Although most owners will clean up after their pets when they are out, some fail to pick up their dog’s poo. 

Due to a dog’s diet being largely meat-based, leaving their faeces on the beach runs the risk of humans contracting toxocariasis – or zoonosis. 

And during the busy months, this becomes even more dangerous – especially for children – with potential problems including blindness and breathing difficulties.

Things to consider when taking your dog to the beach

Dogs love a nice trip to the seaside, just like their human companions. 

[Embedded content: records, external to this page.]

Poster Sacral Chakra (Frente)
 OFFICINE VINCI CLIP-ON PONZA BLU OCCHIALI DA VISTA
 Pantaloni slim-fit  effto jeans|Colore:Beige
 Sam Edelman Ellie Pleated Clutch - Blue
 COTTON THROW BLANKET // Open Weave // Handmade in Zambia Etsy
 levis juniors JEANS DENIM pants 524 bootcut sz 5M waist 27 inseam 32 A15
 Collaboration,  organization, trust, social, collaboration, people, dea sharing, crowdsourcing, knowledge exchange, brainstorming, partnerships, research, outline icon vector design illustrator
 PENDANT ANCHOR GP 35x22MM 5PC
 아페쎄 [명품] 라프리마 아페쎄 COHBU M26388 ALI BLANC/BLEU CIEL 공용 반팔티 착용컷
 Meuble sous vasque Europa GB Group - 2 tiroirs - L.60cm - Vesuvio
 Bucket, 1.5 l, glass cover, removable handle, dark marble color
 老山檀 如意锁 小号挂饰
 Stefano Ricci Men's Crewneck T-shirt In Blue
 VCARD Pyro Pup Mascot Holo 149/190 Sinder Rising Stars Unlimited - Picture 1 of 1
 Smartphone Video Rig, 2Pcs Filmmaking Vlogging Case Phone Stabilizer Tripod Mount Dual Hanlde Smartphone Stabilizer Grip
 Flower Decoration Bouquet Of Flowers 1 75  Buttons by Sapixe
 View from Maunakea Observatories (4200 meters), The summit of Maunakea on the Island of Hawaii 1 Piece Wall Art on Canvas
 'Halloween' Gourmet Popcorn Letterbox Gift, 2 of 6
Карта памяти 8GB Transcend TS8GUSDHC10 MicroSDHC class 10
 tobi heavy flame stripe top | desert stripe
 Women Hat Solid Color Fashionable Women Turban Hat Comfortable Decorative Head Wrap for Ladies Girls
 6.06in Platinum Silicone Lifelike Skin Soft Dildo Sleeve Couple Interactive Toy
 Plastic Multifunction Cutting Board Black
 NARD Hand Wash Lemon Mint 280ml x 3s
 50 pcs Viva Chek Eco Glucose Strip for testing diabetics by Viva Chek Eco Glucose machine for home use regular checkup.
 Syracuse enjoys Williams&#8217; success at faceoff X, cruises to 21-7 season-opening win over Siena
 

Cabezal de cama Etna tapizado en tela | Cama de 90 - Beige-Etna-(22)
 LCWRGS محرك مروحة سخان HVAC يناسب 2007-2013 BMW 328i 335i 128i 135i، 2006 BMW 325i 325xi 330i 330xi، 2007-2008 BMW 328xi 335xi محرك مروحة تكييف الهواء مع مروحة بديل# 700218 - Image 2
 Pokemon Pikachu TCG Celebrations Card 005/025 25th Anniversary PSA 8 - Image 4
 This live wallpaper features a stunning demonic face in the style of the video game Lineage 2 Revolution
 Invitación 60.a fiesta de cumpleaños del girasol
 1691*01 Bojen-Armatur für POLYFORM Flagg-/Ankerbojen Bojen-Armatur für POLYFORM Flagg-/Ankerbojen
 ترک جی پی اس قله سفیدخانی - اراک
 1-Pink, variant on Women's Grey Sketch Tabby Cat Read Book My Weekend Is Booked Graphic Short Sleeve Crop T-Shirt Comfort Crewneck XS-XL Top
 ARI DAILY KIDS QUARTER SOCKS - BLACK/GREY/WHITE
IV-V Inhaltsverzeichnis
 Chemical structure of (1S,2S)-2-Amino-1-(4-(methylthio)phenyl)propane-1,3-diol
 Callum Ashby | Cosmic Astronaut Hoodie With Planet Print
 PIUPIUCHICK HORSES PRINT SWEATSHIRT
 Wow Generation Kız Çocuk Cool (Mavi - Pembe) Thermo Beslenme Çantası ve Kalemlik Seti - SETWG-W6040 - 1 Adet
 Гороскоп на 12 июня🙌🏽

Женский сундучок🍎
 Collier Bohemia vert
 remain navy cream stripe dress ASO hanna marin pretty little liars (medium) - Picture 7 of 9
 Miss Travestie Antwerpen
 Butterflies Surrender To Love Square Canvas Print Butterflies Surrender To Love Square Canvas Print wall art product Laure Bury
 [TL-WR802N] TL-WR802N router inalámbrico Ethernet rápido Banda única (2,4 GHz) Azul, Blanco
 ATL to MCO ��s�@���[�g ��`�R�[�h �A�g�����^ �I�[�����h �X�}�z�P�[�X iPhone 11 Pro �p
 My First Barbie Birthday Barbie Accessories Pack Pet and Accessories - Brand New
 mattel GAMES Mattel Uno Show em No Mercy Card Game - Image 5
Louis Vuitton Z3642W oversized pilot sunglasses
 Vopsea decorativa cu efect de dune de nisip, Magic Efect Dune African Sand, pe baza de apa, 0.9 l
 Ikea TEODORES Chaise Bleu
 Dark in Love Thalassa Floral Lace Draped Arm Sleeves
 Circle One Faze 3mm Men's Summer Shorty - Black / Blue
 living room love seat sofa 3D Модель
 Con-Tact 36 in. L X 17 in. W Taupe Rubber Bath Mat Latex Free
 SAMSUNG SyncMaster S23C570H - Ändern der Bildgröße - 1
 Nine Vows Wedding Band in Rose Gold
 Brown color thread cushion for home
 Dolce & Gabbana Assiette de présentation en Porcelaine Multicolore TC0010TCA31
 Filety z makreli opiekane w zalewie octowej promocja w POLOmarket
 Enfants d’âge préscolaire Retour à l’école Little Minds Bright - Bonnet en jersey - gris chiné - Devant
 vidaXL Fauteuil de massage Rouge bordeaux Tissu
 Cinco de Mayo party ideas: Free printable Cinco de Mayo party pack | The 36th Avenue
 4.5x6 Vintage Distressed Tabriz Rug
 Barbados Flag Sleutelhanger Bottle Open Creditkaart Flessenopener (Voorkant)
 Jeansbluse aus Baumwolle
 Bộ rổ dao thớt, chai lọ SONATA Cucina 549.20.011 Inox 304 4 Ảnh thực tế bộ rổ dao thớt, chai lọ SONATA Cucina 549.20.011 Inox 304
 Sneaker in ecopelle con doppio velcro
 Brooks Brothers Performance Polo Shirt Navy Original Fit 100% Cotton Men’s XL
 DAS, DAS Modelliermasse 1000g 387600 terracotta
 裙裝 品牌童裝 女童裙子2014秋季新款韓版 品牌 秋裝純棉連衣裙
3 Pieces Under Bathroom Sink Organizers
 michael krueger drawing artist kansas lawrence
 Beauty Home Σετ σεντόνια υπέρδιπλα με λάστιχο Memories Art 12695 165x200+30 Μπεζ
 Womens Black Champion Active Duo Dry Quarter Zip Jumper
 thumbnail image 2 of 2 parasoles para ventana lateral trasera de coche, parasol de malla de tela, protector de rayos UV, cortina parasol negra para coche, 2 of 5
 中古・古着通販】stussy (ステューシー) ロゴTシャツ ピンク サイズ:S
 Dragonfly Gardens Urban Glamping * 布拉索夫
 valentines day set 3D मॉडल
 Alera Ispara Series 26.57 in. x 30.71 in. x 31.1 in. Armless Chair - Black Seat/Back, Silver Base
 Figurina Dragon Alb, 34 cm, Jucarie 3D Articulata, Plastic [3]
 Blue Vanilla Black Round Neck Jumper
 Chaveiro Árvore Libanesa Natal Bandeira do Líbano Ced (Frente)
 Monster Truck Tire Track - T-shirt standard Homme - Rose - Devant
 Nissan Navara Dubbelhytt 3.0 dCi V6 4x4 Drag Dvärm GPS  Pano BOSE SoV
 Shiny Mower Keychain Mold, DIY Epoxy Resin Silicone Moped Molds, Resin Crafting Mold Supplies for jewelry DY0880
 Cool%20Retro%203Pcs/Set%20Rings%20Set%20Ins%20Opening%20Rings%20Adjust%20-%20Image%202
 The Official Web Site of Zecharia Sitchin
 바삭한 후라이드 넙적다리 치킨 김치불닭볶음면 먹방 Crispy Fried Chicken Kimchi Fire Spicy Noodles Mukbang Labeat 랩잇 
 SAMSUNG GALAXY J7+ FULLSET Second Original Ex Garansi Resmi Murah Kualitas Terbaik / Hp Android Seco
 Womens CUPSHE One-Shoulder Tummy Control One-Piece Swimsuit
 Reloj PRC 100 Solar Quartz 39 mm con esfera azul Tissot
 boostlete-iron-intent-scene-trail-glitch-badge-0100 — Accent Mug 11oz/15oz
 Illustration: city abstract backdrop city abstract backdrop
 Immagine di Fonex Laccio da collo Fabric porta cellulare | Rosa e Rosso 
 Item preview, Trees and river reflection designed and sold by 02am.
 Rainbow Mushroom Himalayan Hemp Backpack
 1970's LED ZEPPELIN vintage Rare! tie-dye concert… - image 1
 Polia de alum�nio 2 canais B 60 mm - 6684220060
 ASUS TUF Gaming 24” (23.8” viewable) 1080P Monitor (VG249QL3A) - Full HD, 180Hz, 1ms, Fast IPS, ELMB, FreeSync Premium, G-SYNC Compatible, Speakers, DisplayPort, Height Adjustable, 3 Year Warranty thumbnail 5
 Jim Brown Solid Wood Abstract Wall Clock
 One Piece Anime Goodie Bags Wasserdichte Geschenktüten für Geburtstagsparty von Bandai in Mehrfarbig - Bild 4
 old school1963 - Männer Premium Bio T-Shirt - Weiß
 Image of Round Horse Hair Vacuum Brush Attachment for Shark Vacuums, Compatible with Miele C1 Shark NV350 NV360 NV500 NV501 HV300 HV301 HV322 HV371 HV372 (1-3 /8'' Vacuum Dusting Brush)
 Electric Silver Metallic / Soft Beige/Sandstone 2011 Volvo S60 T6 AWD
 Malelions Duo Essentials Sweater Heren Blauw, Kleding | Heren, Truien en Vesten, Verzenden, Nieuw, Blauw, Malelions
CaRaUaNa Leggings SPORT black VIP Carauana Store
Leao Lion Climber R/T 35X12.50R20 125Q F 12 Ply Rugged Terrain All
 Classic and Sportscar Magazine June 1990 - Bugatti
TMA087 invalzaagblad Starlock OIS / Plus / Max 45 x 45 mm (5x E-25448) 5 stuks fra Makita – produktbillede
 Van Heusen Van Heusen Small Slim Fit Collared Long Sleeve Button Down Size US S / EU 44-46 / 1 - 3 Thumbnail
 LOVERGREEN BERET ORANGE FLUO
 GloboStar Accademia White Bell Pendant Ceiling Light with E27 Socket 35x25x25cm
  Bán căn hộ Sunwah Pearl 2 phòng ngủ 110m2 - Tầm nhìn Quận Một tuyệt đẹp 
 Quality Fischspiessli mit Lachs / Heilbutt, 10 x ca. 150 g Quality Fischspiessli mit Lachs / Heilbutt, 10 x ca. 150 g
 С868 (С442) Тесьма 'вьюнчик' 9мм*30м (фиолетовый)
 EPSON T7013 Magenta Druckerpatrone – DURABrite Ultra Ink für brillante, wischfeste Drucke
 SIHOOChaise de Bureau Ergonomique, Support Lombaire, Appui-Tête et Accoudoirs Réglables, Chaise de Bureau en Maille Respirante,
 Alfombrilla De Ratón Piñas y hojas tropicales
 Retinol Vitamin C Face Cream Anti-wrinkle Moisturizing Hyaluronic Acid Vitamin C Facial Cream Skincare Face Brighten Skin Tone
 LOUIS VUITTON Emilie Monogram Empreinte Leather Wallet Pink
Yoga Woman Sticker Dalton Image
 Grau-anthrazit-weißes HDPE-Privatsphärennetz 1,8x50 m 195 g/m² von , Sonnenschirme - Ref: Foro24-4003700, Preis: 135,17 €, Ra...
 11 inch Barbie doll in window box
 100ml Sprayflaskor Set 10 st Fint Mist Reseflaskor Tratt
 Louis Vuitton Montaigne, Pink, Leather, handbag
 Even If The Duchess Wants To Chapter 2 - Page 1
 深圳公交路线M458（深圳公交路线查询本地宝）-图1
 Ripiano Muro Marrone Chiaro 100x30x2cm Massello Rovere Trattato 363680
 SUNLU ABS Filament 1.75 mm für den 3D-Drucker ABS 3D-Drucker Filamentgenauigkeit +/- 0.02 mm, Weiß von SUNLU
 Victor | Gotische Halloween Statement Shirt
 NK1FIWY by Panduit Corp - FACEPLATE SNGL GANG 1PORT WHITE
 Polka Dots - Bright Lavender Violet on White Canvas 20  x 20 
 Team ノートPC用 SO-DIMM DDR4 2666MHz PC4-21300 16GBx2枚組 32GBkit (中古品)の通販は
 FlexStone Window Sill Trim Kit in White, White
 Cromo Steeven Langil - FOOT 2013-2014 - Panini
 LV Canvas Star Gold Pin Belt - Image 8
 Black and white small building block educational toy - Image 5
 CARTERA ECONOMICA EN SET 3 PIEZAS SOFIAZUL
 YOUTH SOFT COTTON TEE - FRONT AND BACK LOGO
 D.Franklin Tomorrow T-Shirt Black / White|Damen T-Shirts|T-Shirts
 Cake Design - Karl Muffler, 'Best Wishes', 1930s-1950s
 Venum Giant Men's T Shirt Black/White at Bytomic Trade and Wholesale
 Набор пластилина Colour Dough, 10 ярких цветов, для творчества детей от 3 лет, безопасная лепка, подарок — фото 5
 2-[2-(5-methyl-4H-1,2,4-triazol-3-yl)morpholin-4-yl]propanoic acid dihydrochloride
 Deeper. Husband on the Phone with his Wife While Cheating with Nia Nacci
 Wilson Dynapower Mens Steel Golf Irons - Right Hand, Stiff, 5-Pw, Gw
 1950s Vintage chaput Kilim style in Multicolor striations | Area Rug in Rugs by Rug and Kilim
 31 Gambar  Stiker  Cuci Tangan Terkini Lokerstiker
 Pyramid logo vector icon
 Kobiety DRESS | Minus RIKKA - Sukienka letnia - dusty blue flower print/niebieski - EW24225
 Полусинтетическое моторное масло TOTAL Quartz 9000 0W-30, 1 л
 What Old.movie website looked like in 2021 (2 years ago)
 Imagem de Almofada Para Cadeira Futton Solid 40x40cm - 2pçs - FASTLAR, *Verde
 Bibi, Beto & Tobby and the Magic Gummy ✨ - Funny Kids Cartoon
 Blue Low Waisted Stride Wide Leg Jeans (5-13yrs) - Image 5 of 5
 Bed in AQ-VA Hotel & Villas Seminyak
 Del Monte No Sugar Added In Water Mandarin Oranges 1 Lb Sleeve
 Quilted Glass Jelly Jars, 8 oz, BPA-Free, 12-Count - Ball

But there are a number of rules and tips to consider when heading to the beach.

These include: 

  • Check with beach management to see if dogs are allowed
  • Take poo bags to clear up their mess
  • Bring a lead – dogs have to be on a leash on some beaches at all times
  • Avoid the big crowds
  • Consider some people may not like dogs
  • Take plenty of fresh water and a bowl for your dog
  • Take a first aid kit in case your dog becomes injured
  • Check for local vets in case of emergency
  • Make sure your dog is wearing their collar and ID tag
  • If they are wear a GPS tracker, make sure it is fully charged
  • Take spare towels to dry them
  • Keep an eye on your dog at all times

East Sussex is not the only county with countless coastal hubs that welcome pooches with England having dog-friendly beaches from Land’s End to Druridge Bay.